Autoregressive conditional heteroskedasticity

An ARCH model ( autoregressive conditional heteroscedasticity ) is a stochastic model for time series analysis, with the aid of particular mathematical financial time series can be described by a non-constant volatility. It starts from the assumption that the conditional variance of the random model error depends on the realized random error of the previous period, so that large and small errors tend to occur in groups. ARCH models have been developed by Robert F. Engle in the 1980s. In 2003 he won the Nobel Prize in Economics was awarded for this achievement.

Definition

A time series is ARCH ( P) time-series, if it is defined recursively by

Being with real, non-negative parameters, and the process is a so-called white noise, that is, and for all.

Properties

For ARCH models, the following statements apply:

  • The conditional on the past and expected values ​​conditional variances are:
  • An ARCH ( p) time series is exactly then (weakly ) stationary if all roots of the characteristic polynomial
  • A stationary ARCH ( p) - time series has stationary expected value and their autocorrelation disappears: for.
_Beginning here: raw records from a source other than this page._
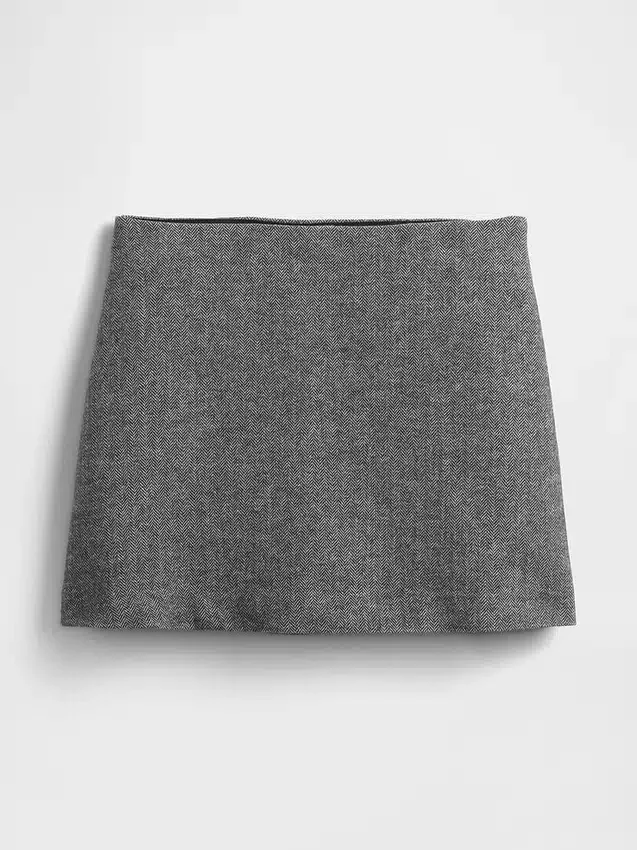 Mini gonna-pantaloncino a spina di pesce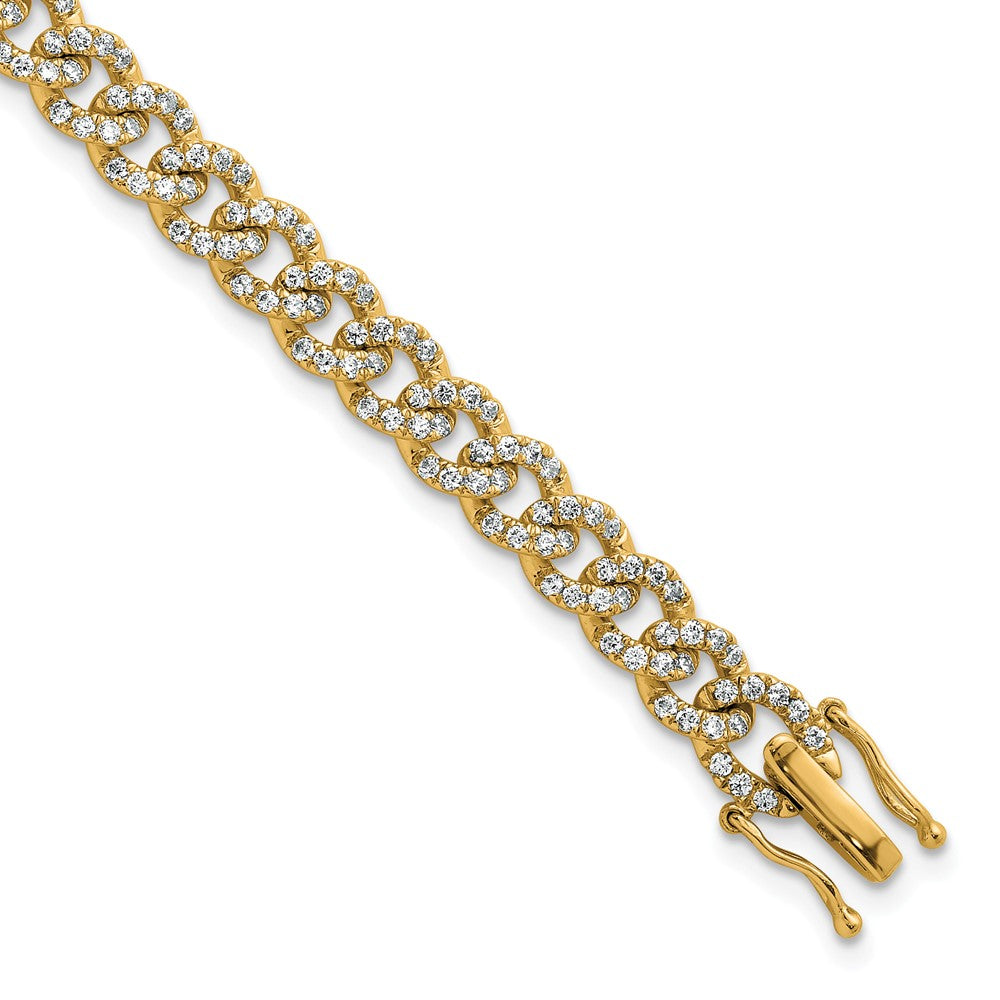 14K Polished Diamond Fancy Curb Bracelet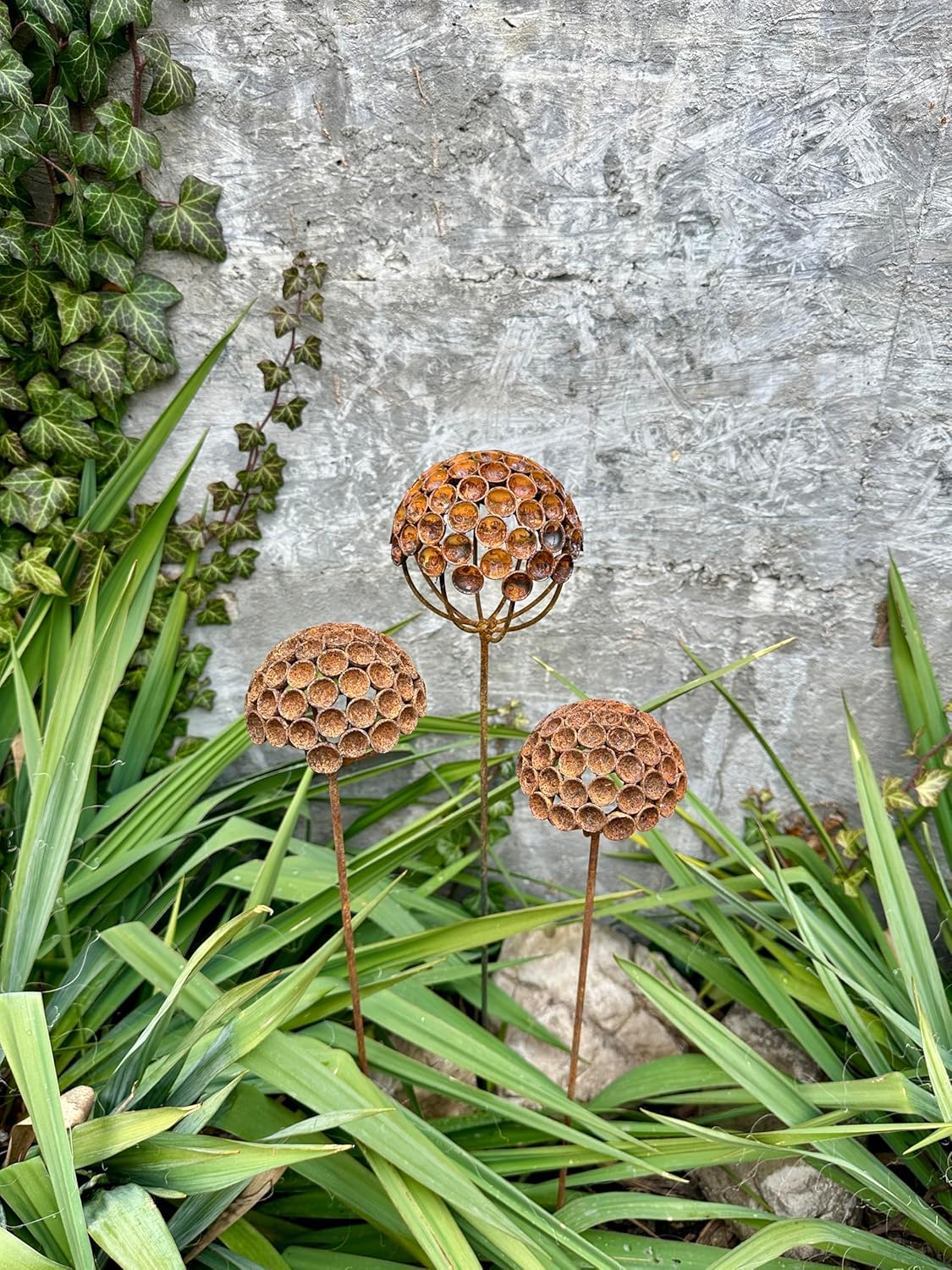 Set of 3 Rustic Metal Exotic Flowers, Garden Decorations, Handmade Sculptures, Rustic Landscaping, Garden Art, Bee and Butterflies Cups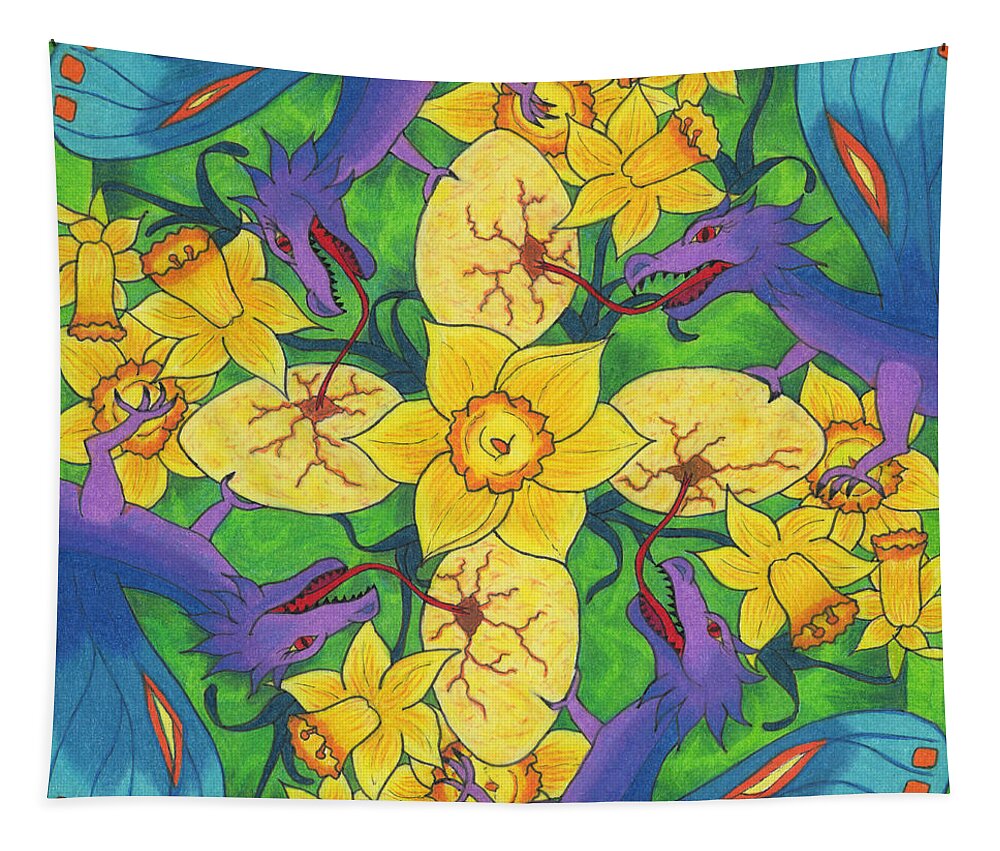 Dragon Tapestry featuring the drawing Dragondala Spring #1 by Mary J Winters-Meyer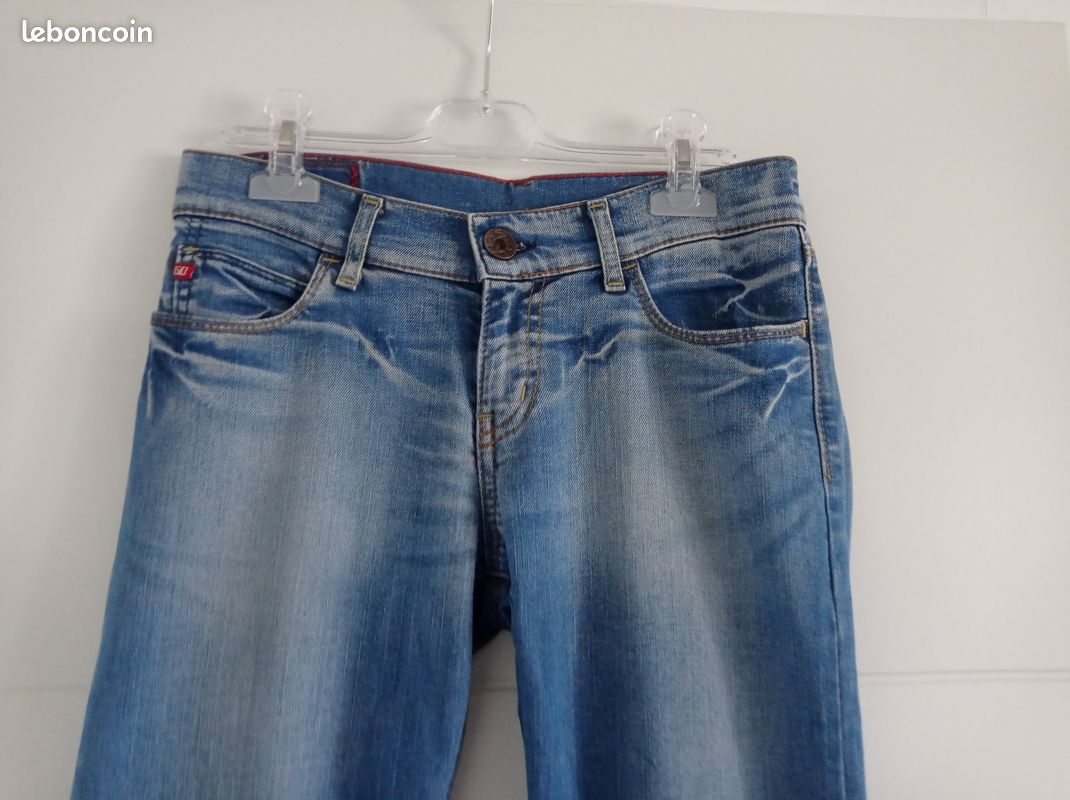 Pantalon Jeans Miss Sixty Délavé Troué - Taille Basse - Taille W28/L30 - Vintage Y2K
The formula applies to their stationary variance
  • Is a stationary ARCH ( p) - time series, applies to the, then the squared process is an AR time series.

Generalizations

The idea of ​​the ARCH model was further developed in various ways and is now quite naturally to the more advanced methods of econometrics.

A generalization of the GARCH models ( generalized autoregressive conditional heteroscedasticity ), which were developed in 1986 by Tim Bollerslev. Here, the conditional variance depends not only on the history of the time series, but also from their own past.